In the above case, the primary coolant is confined around the heat exchanger bank by the hermetic vessel or containment vessel. In the embodiment shown in FIG. 6, the heat exchanger includes two
It consists of three adjacent columns 30, 31 and 32, each formed into two groups. The groups themselves are formed by flat parallel compartments according to the construction of the embodiment shown in FIGS. 2-5. The assembly constituted by three heat exchange columns is installed in an external containment and protection sealed container 33. A suitable arrangement of the inlet and outlet manifolds in connection with the different groups makes a heat exchanger with this configuration particularly compact and suitable for the so-called "loop" with the steam generator installed in a separate sealed vessel. ” type reactor circuits. In another embodiment shown in FIG.
0 heat exchange rows are arranged to form a central space 41 into which a nuclear reactor core (not shown) can be placed, and the completed assembly is housed in a protective vessel 42. In this embodiment, the exchange rows are arranged along the four sides of a cuboid surrounding the core. If desired, two adjacent replacement rows can be juxtaposed along part of their outer contours, with the end face of one row lying on the side of the other row and vice versa. Finally, in the embodiment shown in FIG. 8, the heat exchanger 50 is constituted by a series of eight adjacent exchange rows, each row consisting of two groups of compartments.

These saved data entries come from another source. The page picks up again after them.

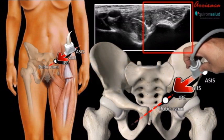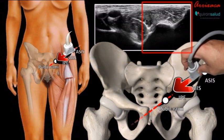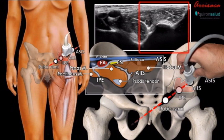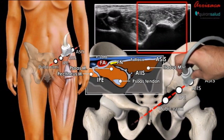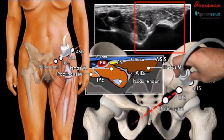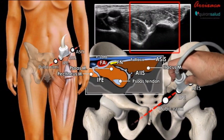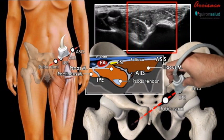The transducer is then slid along this described line in a medial direction until the AIIS, iliopubic eminence, psoas tendon, and muscles are clearly identified.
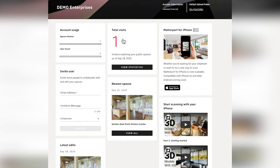Similarly, the number of total visits for spaces that have been made public will be shown here. For admins, it's going to be a number that shows all visits for all spaces in the account. For individual users, it'll show you the number of visits for all of the spaces that you have access to. Here you can dig into view statistics a little more.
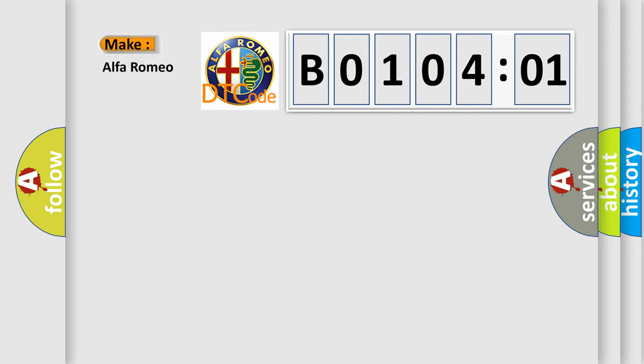So, what does the diagnostic trouble code B0104:01 interpret specifically for Alfa Romeo?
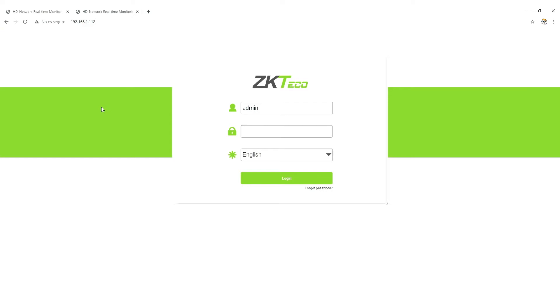Hello, my name is Ángel Duarte, Product Manager of ZK Teco.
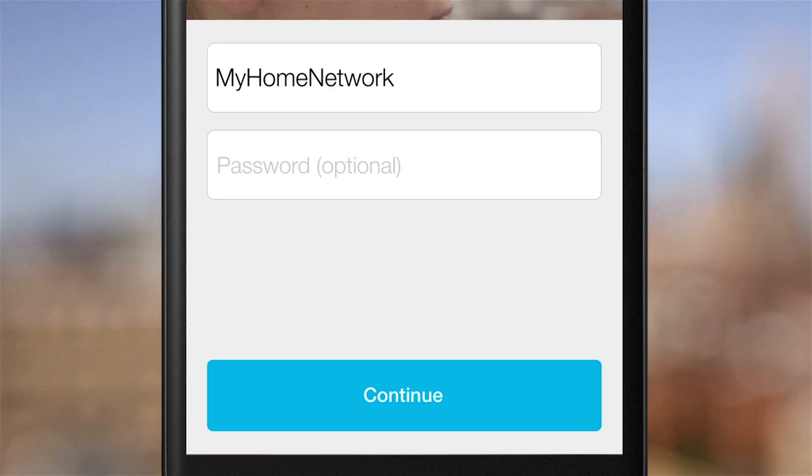If your network requires a password, you'll have to type that too. Remember, the network name and password need to be typed exactly as they are.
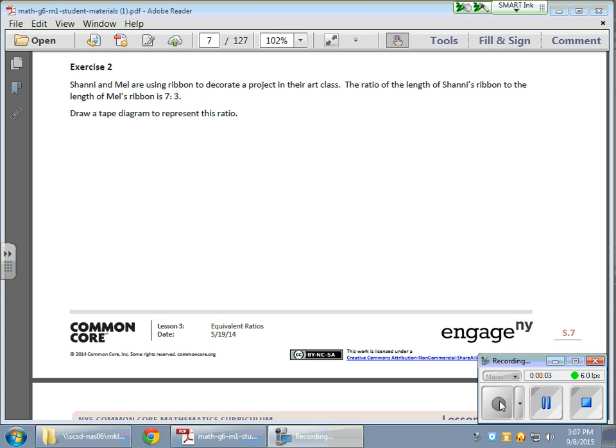In today's math lesson, we're using tape diagrams to show a ratio and then to find equivalent ratios to the given ratio. It sounds a little confusing, but basically here's what it looks like. We have Shani and Mel, and they're using a ribbon to decorate an art project in class.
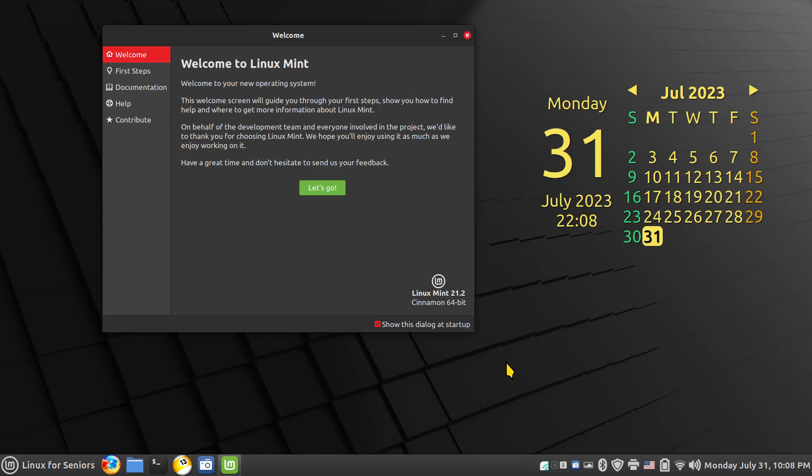Hello folks and welcome to Linux Mint 21.2, the latest installment of the Cinnamon desktop for Linux Mint. If you're not a subscriber, hopefully you will subscribe, and for the ones that have, thank you and hopefully you're enjoying my videos. I have produced a couple so far for Linux Mint 21.2.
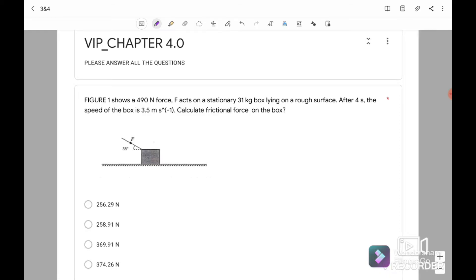Figure 1 shows a 490 N force on the stationary 31 kg box lying on the rough surface, meaning that here we have the frictional force. After 4 seconds, the speed of the box is 3.5 m/s. Calculate the frictional force on the box.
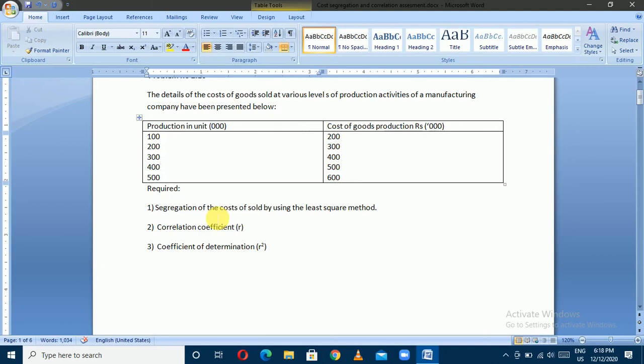Namaste! My name is MBS Second Year. I have a question about Segregation of Cost, which is important to me.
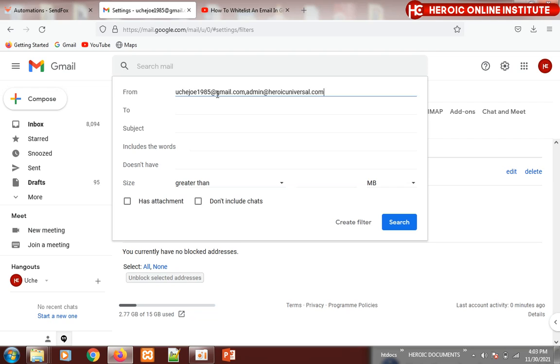Try to do this, because if you don't, sometimes my mail might go to your spam. Once you type in the email, click on 'Create filter'.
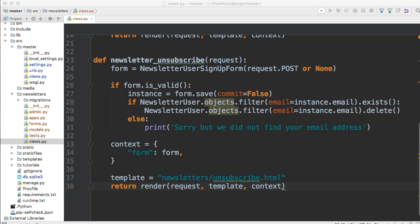Hello and welcome to your 24th Django tutorial. In today's tutorial, it's going to be a short one. We're going to go ahead and create our URLs for our newsletter app.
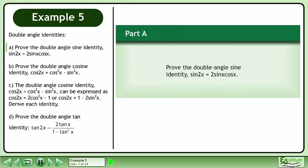In this example we will explore double angle identities. In Part A, prove the double angle sine identity: sin2x equals 2 sinx cosx.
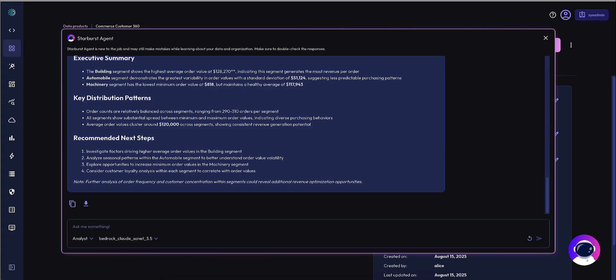This is a real-life example of how you can spread knowledge throughout your organization utilizing the Starburst agent and data product sharing.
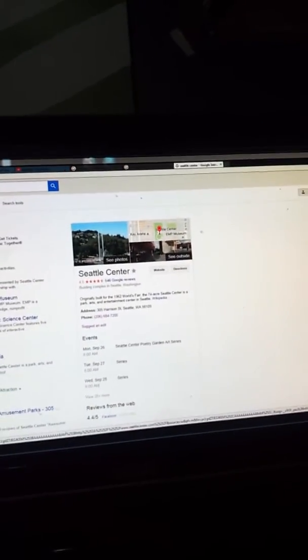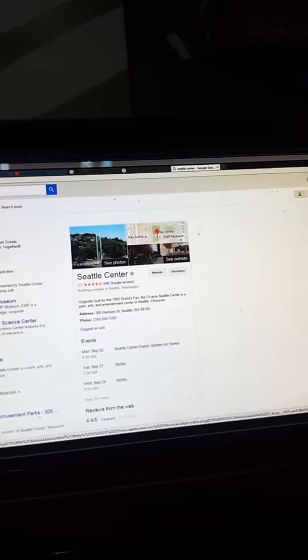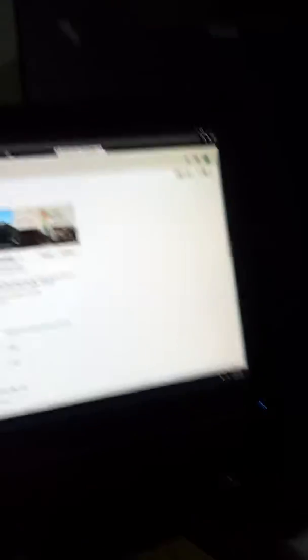Right here. Seattle Center. And over here. We're going to go to Seattle Center and then Pacific Science Center.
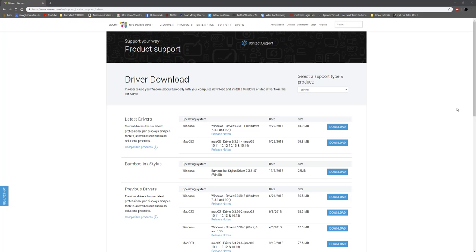The reason I have this page open is just to show you that I'm currently running on driver 6.3.31-4. You can see it over here and the date of this video is October 24th, 2018, a couple of days before Halloween. Happy Halloween, everybody.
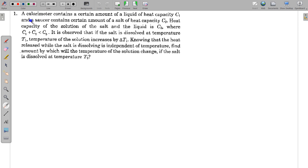Welcome to my channel Physics with Akash Goyal. In this video I am taking a problem on thermal physics. A calorimeter contains a certain amount of a liquid of heat capacity C1, and a saucer contains a certain amount of salt of heat capacity C2. The heat capacity of the solution of the salt and the liquid is C3.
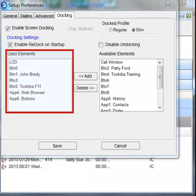Used Elements. The displays, buttons, etc. to be used in each profile are configured by moving Available Elements to the Used Elements list. Whenever the Call Manager is screen docked, it will place the elements from the Used Elements list on its screen.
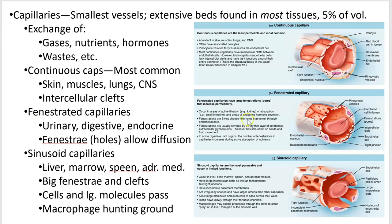The next more leaky type is called fenestrated. A fenestra is a hole, and fenestrae is the plural. These are found where you want to get rid of waste, absorb nutrients, and get hormones across the barrier. So there's a bit more space available for movement — you can move across the membrane through the clefts or through these holes.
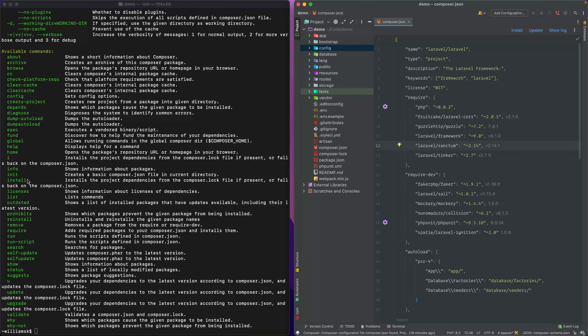The next one is install. If you pull down a project from a repo and you don't have all the dependencies needed to run the project, running composer install will pull all those requirements in, install them, and set up your project from the composer.lock file if it's present. If not, it will generate the composer.lock file for you after pulling in all the requirements.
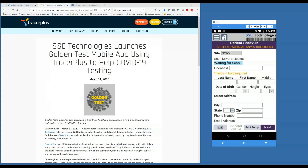Hello everyone, Joe here from PTS. Today I'd like to demonstrate the SSE Golden Test mobile app, which is used to help with COVID-19 testing. This application is developed on our TracerPlus platform and is designed to assist medical professionals with patient data entry, check-in, and the completion of a screening questionnaire based on CDC guidelines.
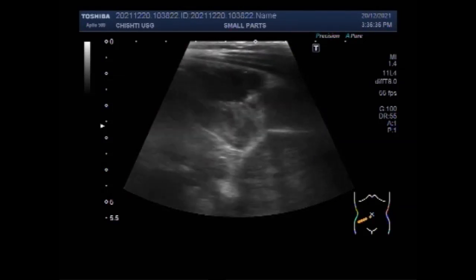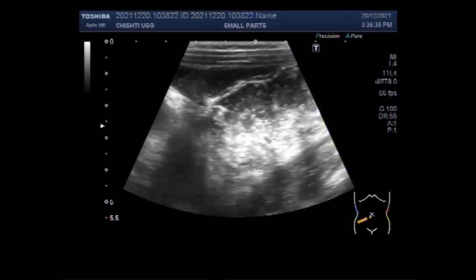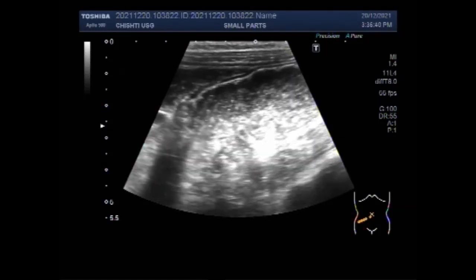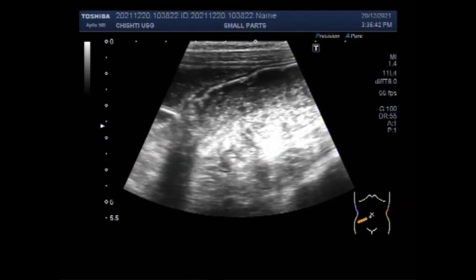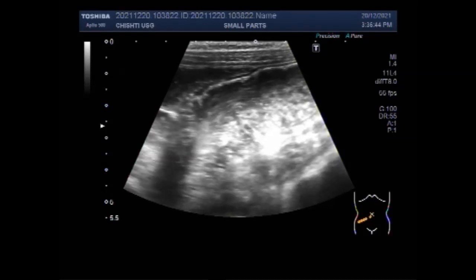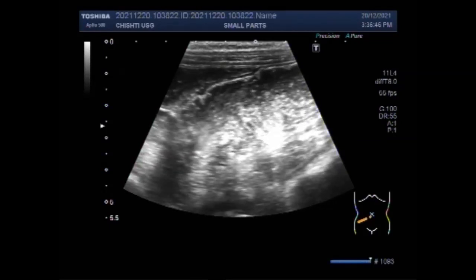You can see the gut loops and these are dilated with to and fro whirling movements of the intestinal contents.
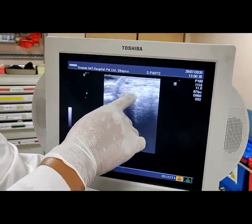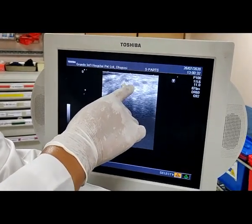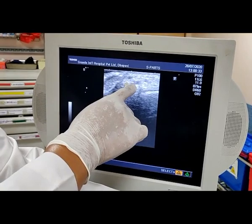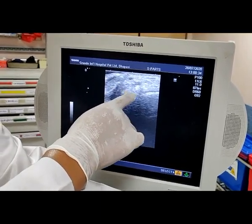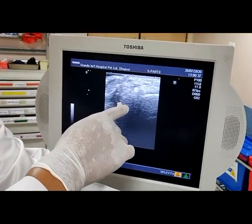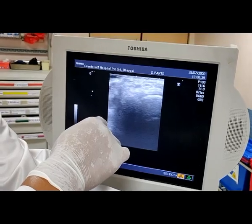If I compress a little bit, all the veins are compressed. The artery is pulsatile and non-compressible — that's how we identify it. This is the transverse view of the radial artery.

The heat exchanger is installed radially within a space 51 which is bounded externally by a container or protective seal 52 . Therefore,
The heat exchange rows are arranged in an octagonal pattern and the manifolds are provided transversely. In an embodiment of the configuration not shown, each heat exchange row can be displaced 90 degrees so that the manifolds can be installed in a generally radial position. The first and second fluids used in all of the heat exchangers described above may or may not be pressurized fluids. Additionally, heat exchanger designs that favor compact heat exchanger configurations allow each group to have a manifold with dimensions that fall within the range of adjacent groups by reducing the distance between two adjacent heat exchangers. This makes it possible to set up Moreover, this compact design allows the effective volume of fluid circulating through the heat exchanger to be reduced. This is particularly advantageous when using precious or hazardous fluids.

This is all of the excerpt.